(Image-caption web data)
● ● ●

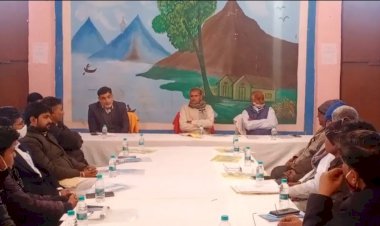 नगरपालिका सभागार में नव निर्वाचित पार्षदों की पहली बैठक हुई आयोजित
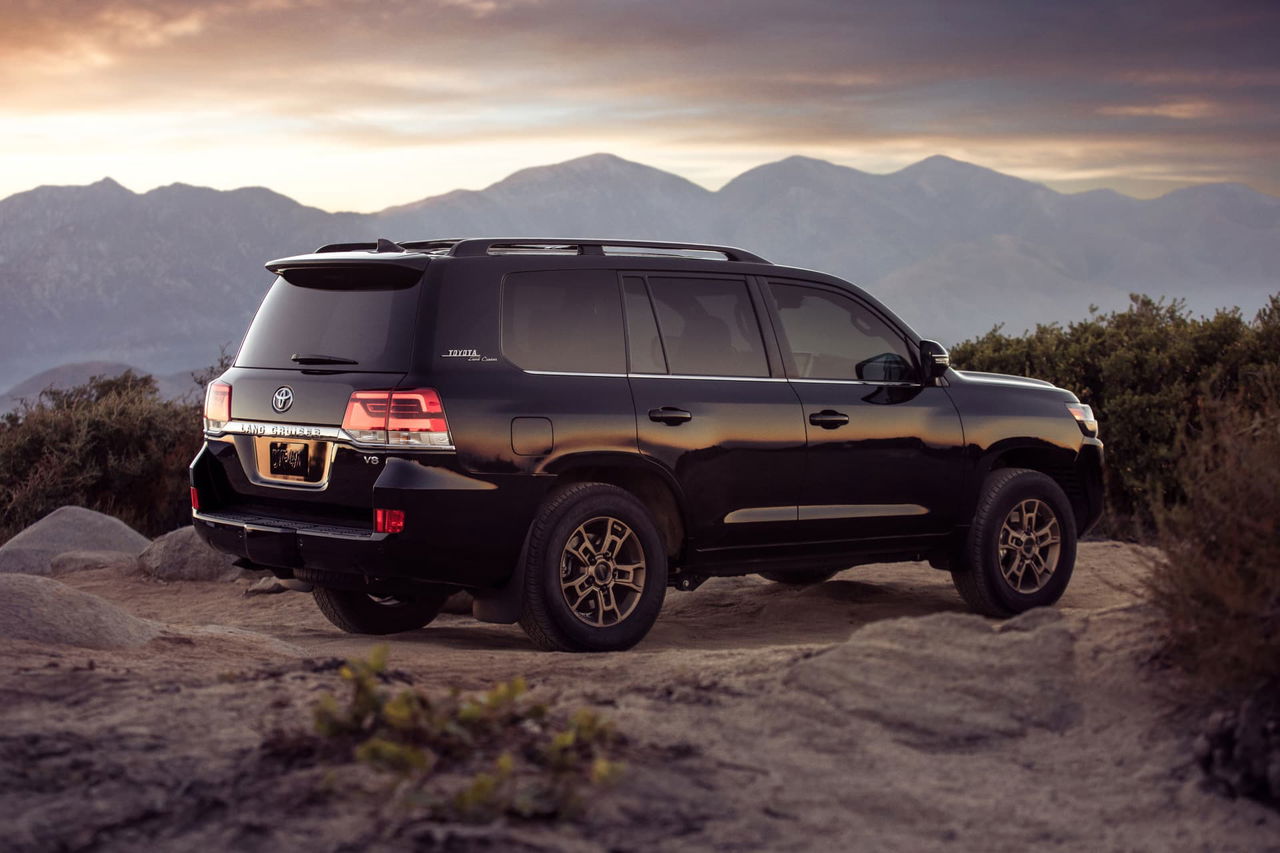 2020 Land Cruiser Heritage Edition 03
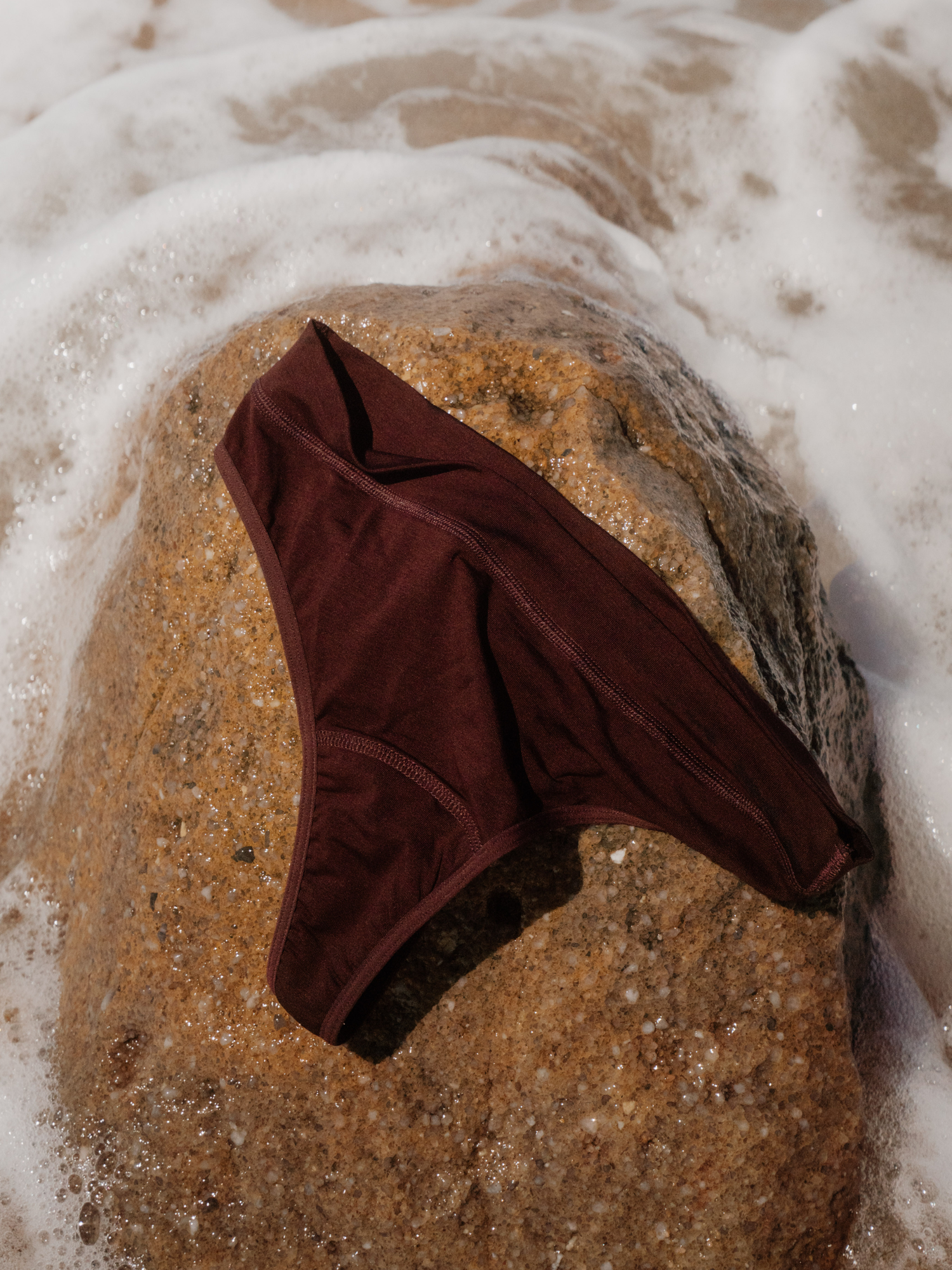 allmatters-classic-high-rise-thong-periodenslip-in-dark-plum image 7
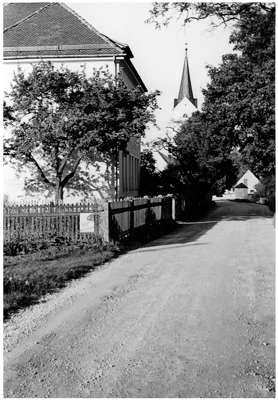 Blick zur Pfarrkirche Volkmannsdorf, Ende 1950er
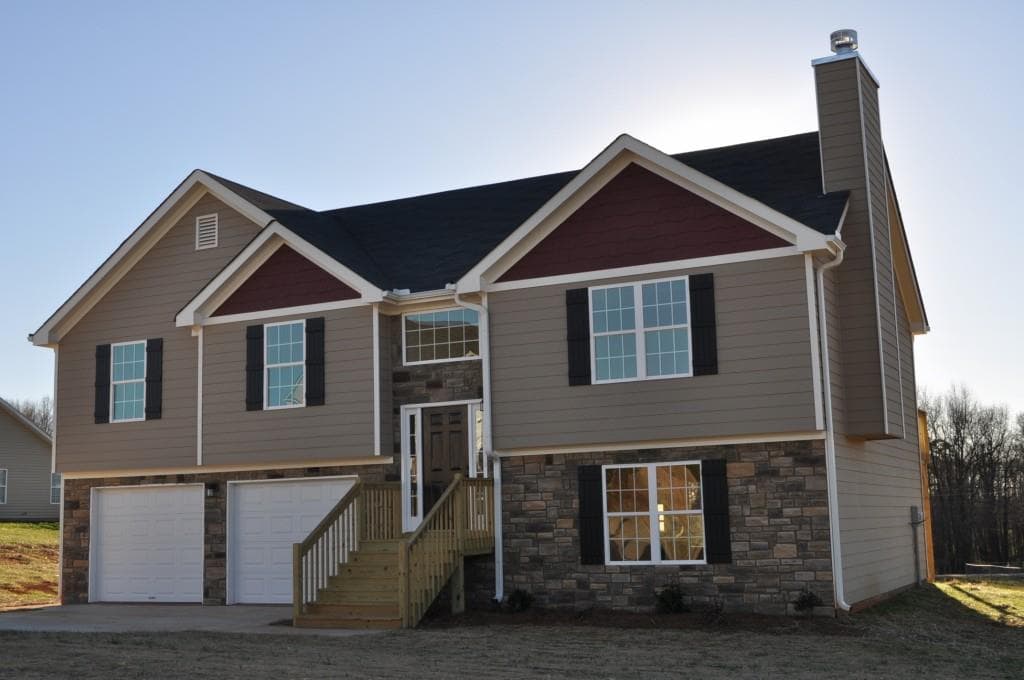 8241 Mountain Glen Drive, Clermont, GA 30527 — most recent listing photo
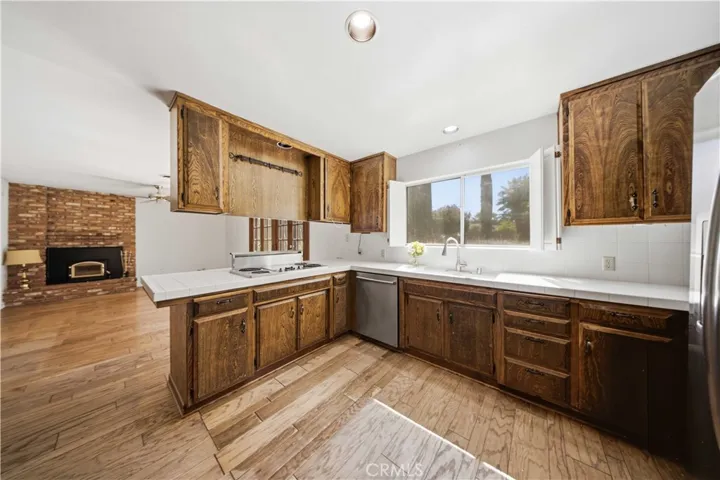 43944 Halcom, Lancaster, California 93536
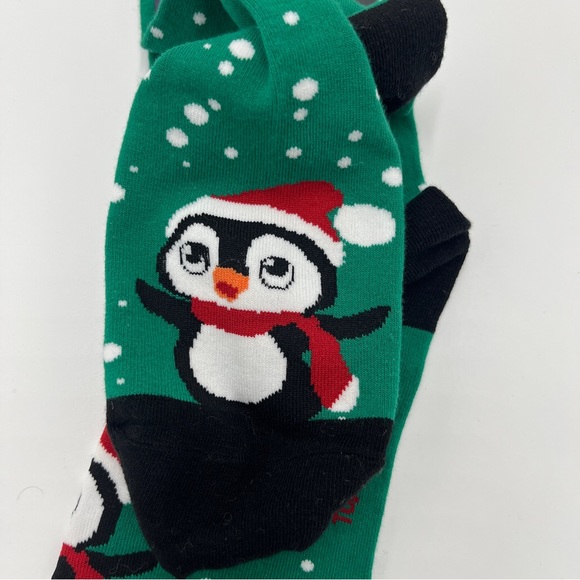 Cute Christmas themed socks, holiday gift, gift for unisex, kind gift, gift idea - Picture 6 of 12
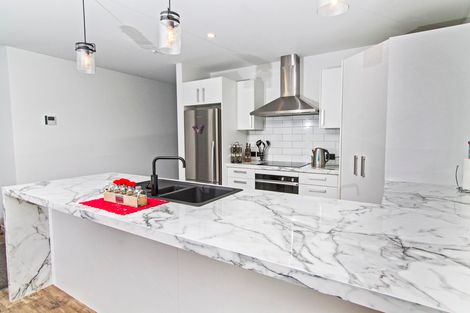 Photo of property in 24 Perriam Place, Mount Pisa, Cromwell, 9383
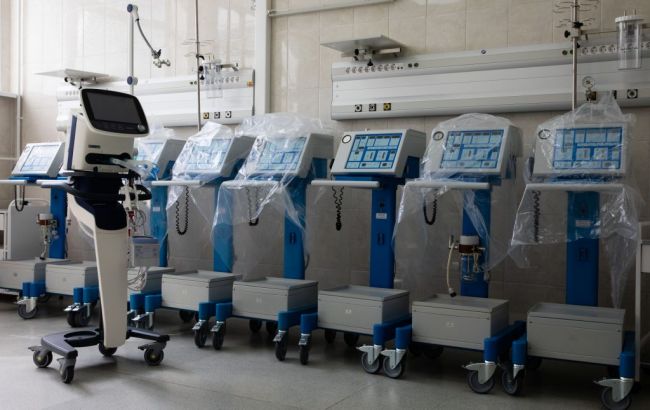 Фонд Порошенко восстановил для киевской больницы скорой помощи еще 8 аппаратов ИВЛ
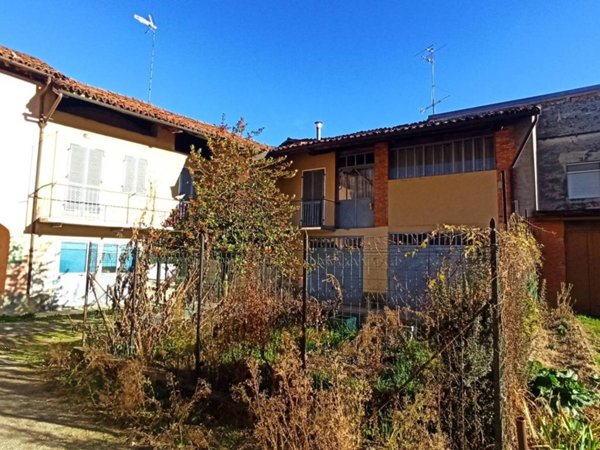 casa indipendente in vendita a Carrù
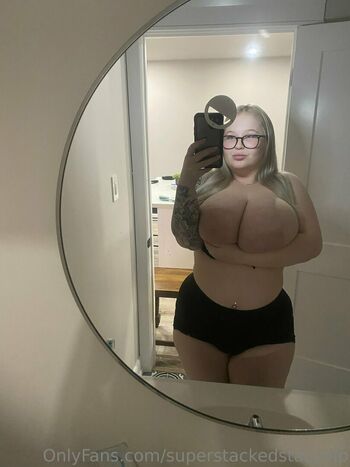 superstackedstacyvip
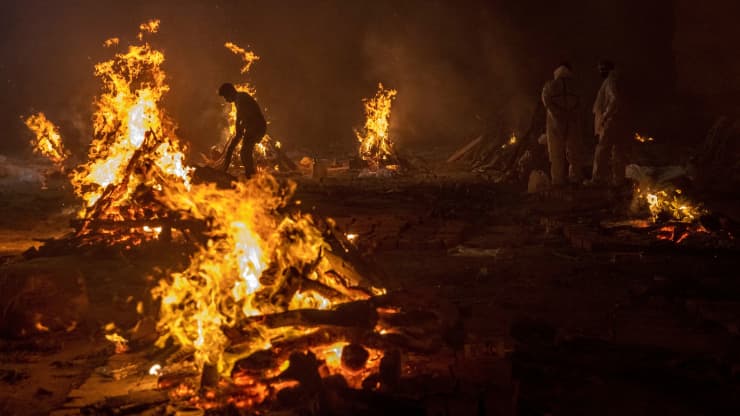 Thi&ecirc;u x&aacute;c bệnh nh&acirc;n tử vong v&igrave; Covid-19 ở New Delhi h&ocirc;m 24/4 - Ảnh: Reuters.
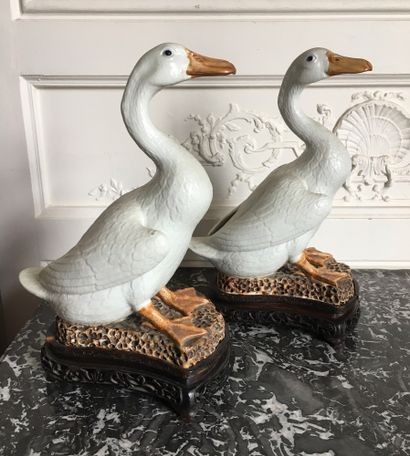 CHINA Couple of geese in porcelain the body...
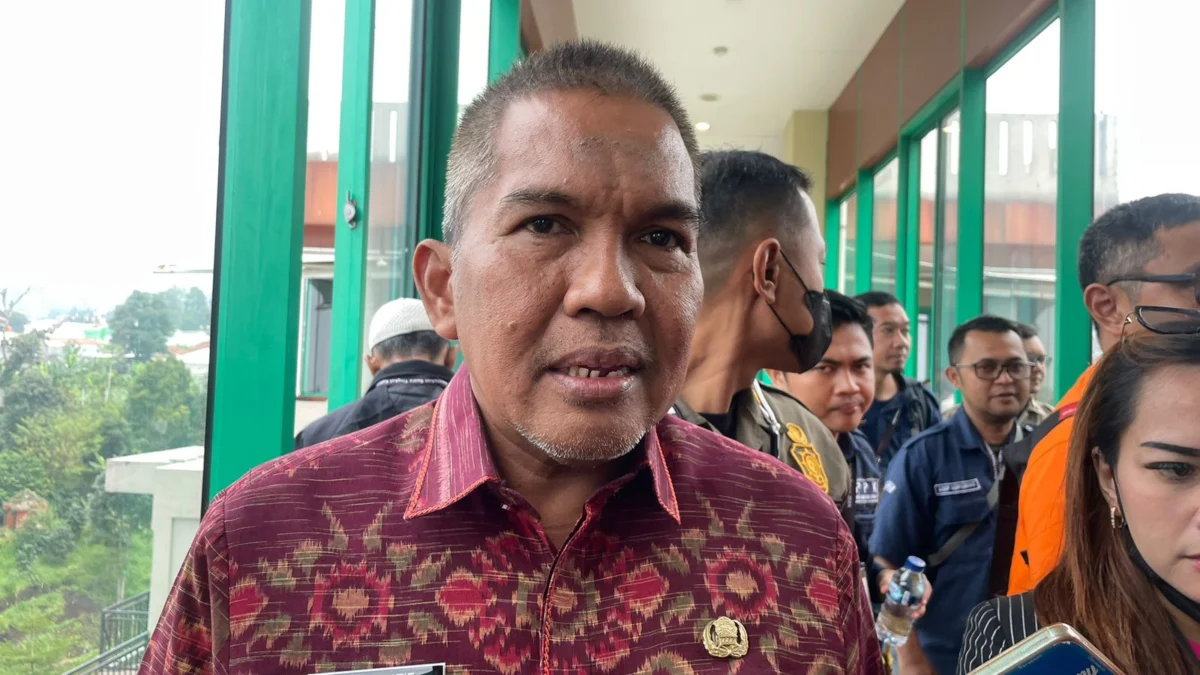 Pj Bupati Bandung Barat, Arsan Latif saat ditemui di Kecamatan Parongpong. Kamis (28/2). Foto Jabarekspres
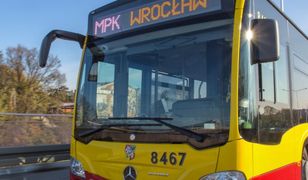 Odmrażanie gospodarki. Apel prezesa MPK Wrocław wysłuchany. Do tramwaju i autobusu wejdzie więcej osób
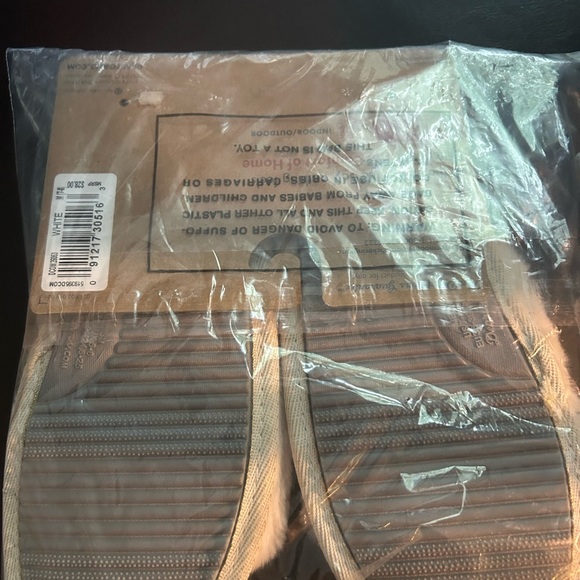 Bride To Be fur slippers - Picture 6 of 6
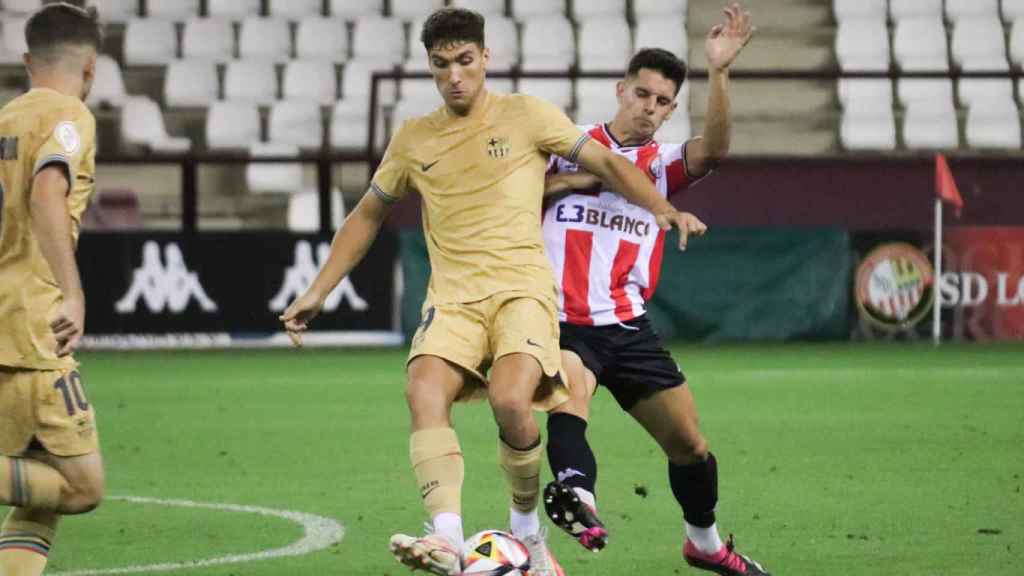 Diego Percan controla un balón frente al Logroñés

● ● ●

> _Your goal_
Your answer must consist only of the lines from the one containing "Bride To Be fur slippers - Picture 6 of 6" through the end of the entries, restated word for word, with no pictures.

> _Reply to the exercise_
 Bride To Be fur slippers - Picture 6 of 6
 Diego Percan controla un balón frente al Logroñés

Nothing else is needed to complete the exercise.